LEROY SMITH

Solapas principales

 

Durante bastantes años si se quería contactar con el Coach George Karl en el hotel en el que se alojaba con su equipo, uno no podía decirle al telefonista que quería hablar con Mr. George Karl: ese señor no estaba registrado en el hotel. Y es que Mr. Karl, igual que casi el noventa por ciento de los jugadores y entrenadores de la NBA que están de viaje con su equipo, usa un alias.

Como ahora el Coach Karl utiliza otro distinto, puedo decir tranquilamente que, durante mucho, mucho tiempo, George Karl fue “Mr. Roberto Clemente”: un alias muy especial que el actual entrenador de los Nuggets de Denver utilizaba en honor a su ídolo deportivo de juventud, el sensacional jugador puertorriqueño de béisbol Roberto Clemente.

Clemente, apodado “El Cometa de Carolina”, fue uno de los mejores jardineros derechos en la historia de la pelota y un modelo de deportista comprometido con causas verdaderamente muy nobles. La leyenda de Roberto Clemente en el campo ya era enorme –ganó, si no recuerdo mal, nada menos que 12 Guantes de Oro- pero su mito se agrandó todavía mucho más al matarse en el avión en que viajaba. El día que se hizo eterno, el gran Roberto Clemente volaba hacia Managua en un aeroplano que transportaba ayuda humanitaria para las víctimas del terrible terremoto que asoló la capital nicaragüense el año de 1972.

En los últimos Juegos Olímpicos de Beijing, manejé dos -mejor dicho, tres- alias: correspondientes a dos jugadores y a un directivo.

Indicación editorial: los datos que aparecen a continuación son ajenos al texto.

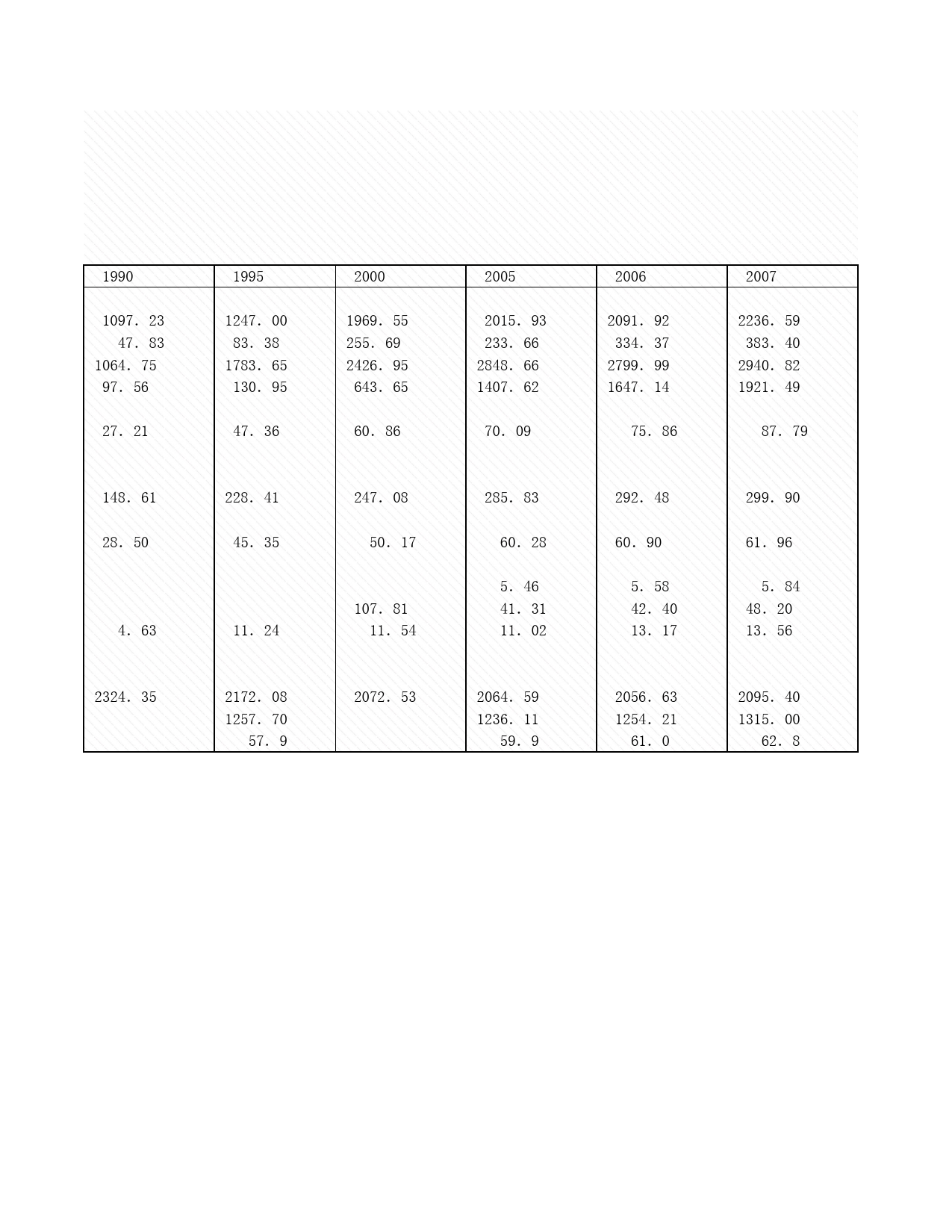 2008年湖北省统计年鉴 7-15 农业现代化情况_第2页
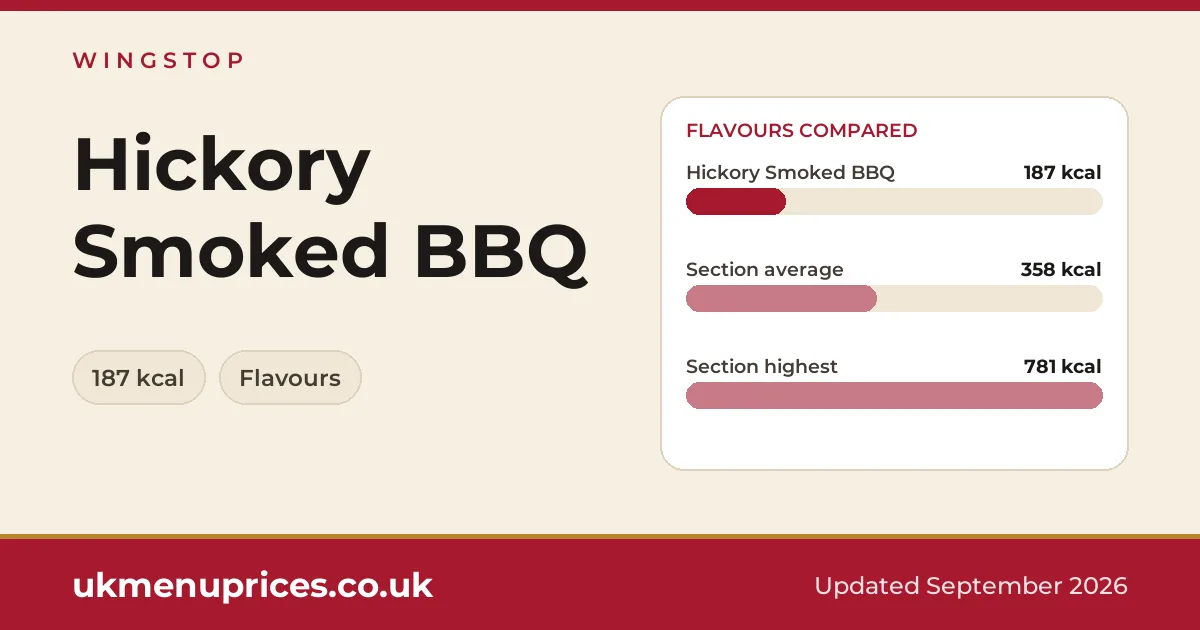 Wingstop Hickory Smoked BBQ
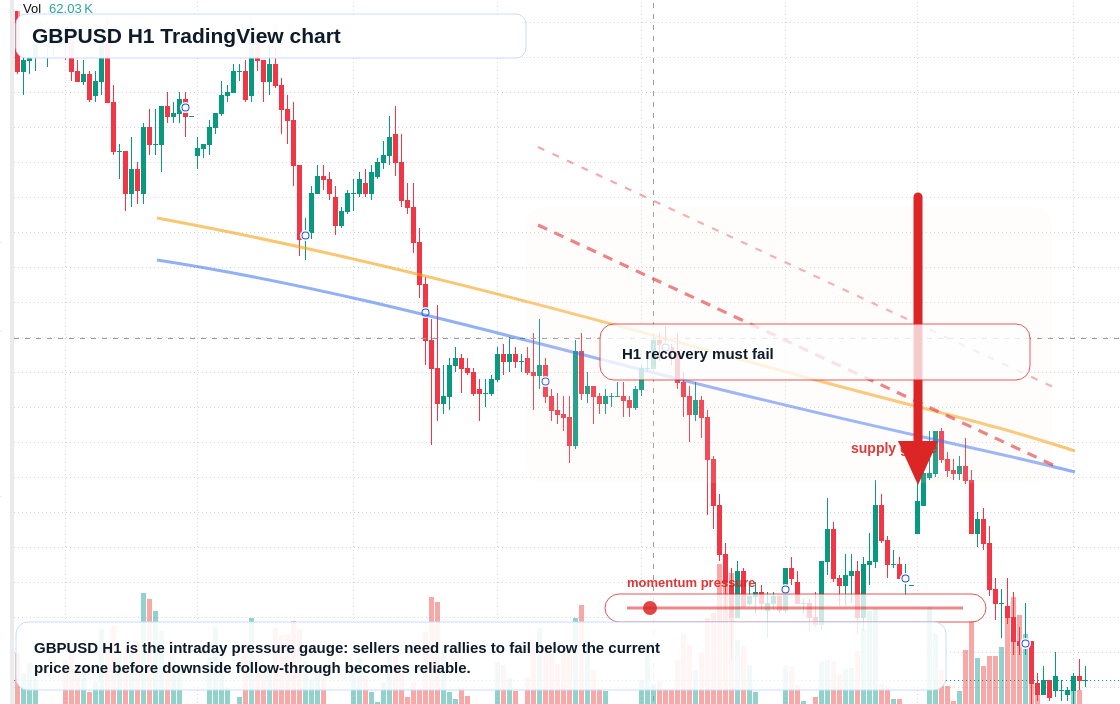GBP/USD H1 candlestick chart
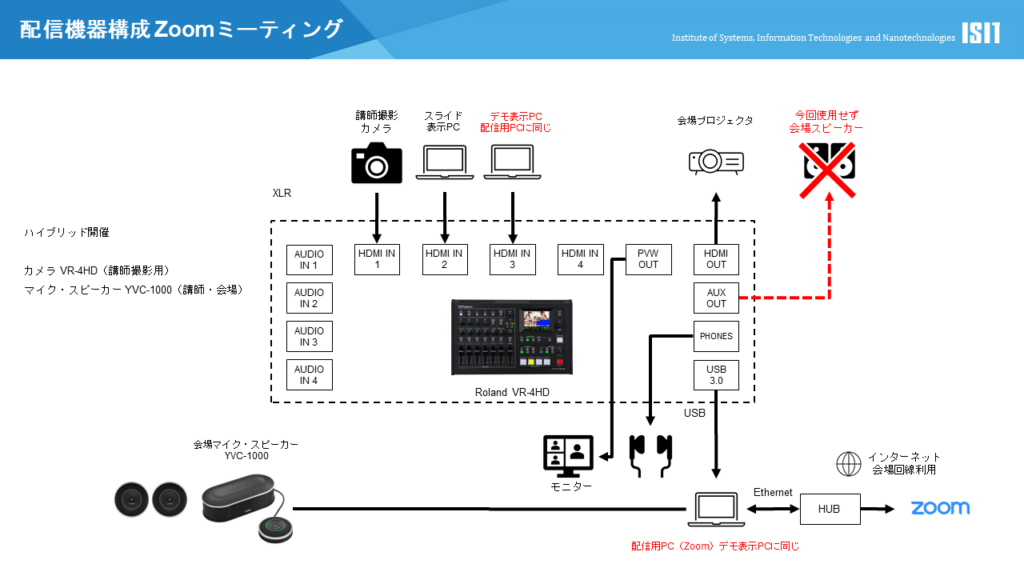 BODIK勉強会での機材構成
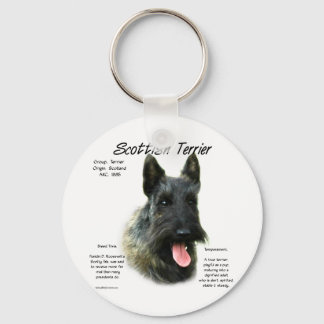 Brindle Scottish Terrier History  Keychain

El dirigente todavía lo utiliza al día de hoy, así que no lo desvelaré. Pero como los jugadores en cuestión ya utilizan nuevos apodos, revelaré que había un “Bruce Wayne” (el alter ego de Batman) y un “SpongeBob SquarePants”, un personaje de dibujos animados muy popular en los Estados Unidos. El primer alias correspondía a Jason Kidd y el segundo a Dwight Howard.

Es curioso. En estos casos de privacidad absoluta de identidad, el personal del hotel está obligado a utilizar, siempre y en todo momento, el nombre elegido por el cliente para cualquier comunicación con él. Así que nunca puedo dejar de pensar en ese botones chino recorriendo el lobby del hotel del Team USA proclamando que “hay una llamada para Mister SpongeBob SquarePants”.

También es cierto –muy cierto- que hay algunos jugadores de la NBA que no utilizan alias. Son los menos. Pero alguno hay. Como aquel crack –cuyo nombre tampoco revelaré jamás- al que el personal de uno de los hoteles más lujosos de la ciudad de Phoenix, Arizona, le sugirió que utilizara un “alter ego” para registrarse en el albergue y sin dudarlo contestó: “¿Un alias?. No, ¿para qué?. Cualquier chica que quiera subir a mi habitación que suba sin más, si me hacen el favor”. Es todo lo que dejó dicho aquel hombre en Recepción.

Durante muchos años el gran Michael Jordan utilizó el alias de “LeRoy Smith” para registrarse en los hoteles de la Unión, siempre que los Bulls de Chicago viajaban fuera de casa. Dado que no era un alias especialmente pomposo, ni fundamentalmente notorio tampoco, el genio pudo utilizarlo durante bastantes años sin que nadie diera con aquel sencillo nombre clave. Luego, cuando, pasados los años, se desveló, por fin, el alias habitual que solía utilizar MJ hubo gente que supo enseguida el porqué de ese nombre: LeRoy Smith era el nombre del muchacho que le había quitado el puesto en el primer equipo de baloncesto del Colegio de Enseñanza Secundaria Laney, ubicado en Willmington, Carolina del Norte.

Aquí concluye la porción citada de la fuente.